Supplied information
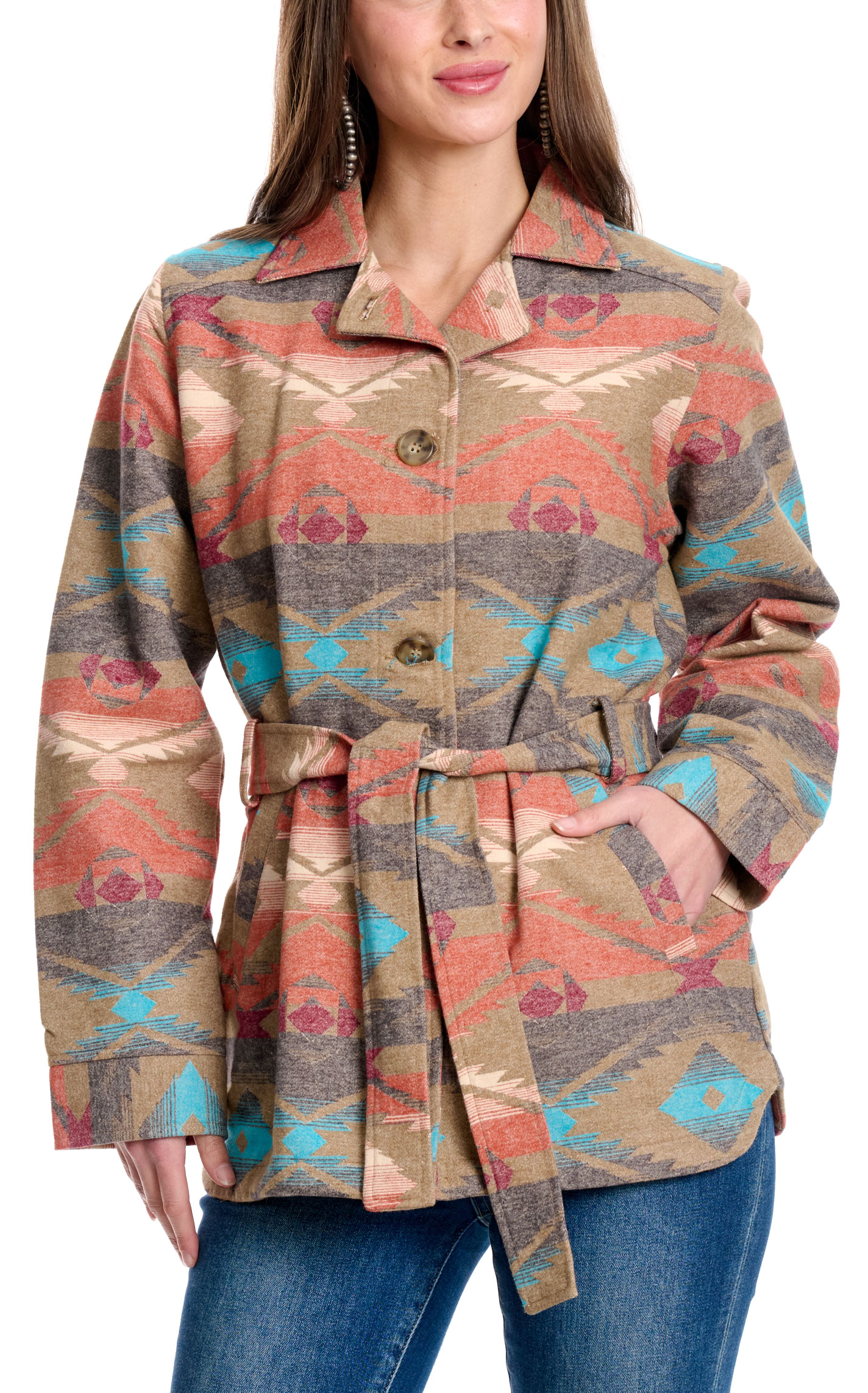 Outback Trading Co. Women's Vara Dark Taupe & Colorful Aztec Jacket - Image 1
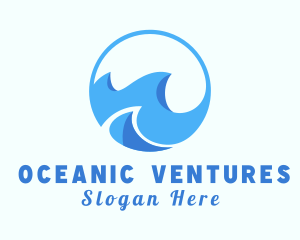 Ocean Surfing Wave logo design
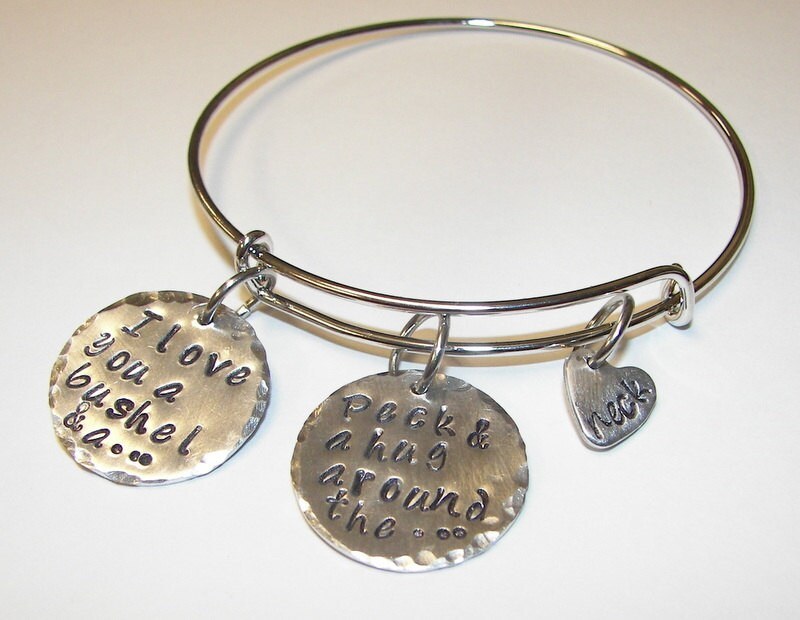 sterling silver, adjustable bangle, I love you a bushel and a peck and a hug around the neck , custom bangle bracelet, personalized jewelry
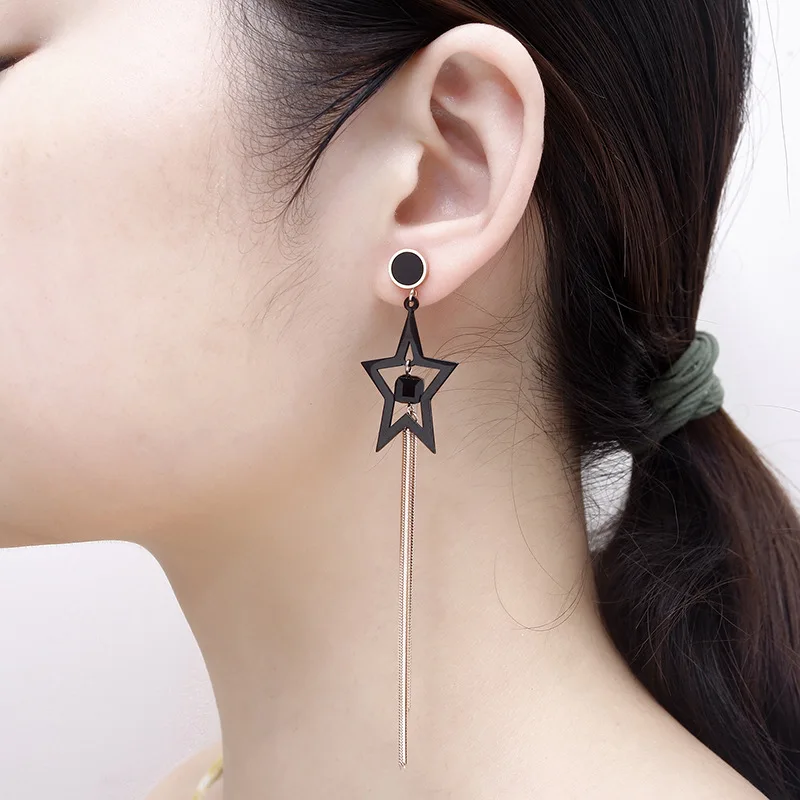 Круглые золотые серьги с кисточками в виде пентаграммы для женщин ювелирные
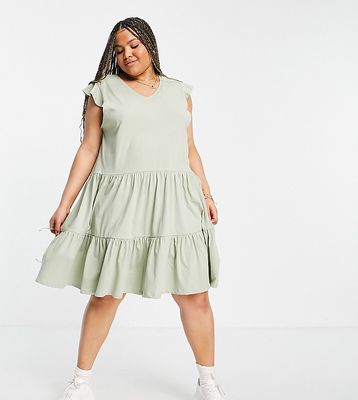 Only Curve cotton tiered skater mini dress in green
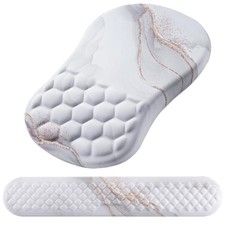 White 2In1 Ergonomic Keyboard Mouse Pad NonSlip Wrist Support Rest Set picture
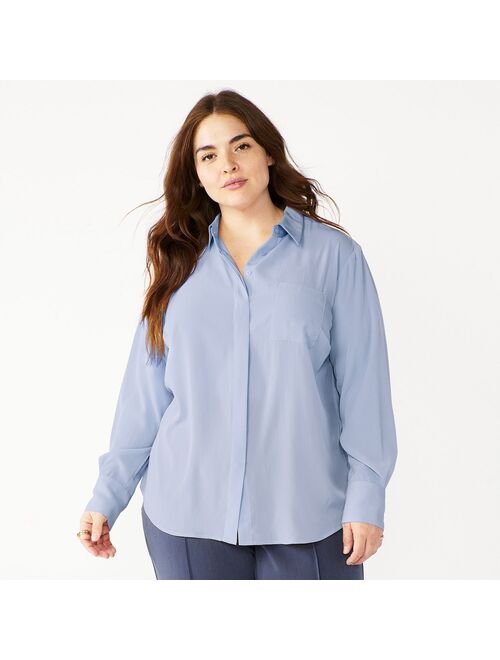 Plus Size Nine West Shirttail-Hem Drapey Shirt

Task item
Starting at the line that contains "Only Curve cotton", please write out every line to the end of the entries, inclusive, copied exactly and with pictures omitted.

Expected output
 Only Curve cotton tiered skater mini dress in green
 White 2In1 Ergonomic Keyboard Mouse Pad NonSlip Wrist Support Rest Set picture
 Plus Size Nine West Shirttail-Hem Drapey Shirt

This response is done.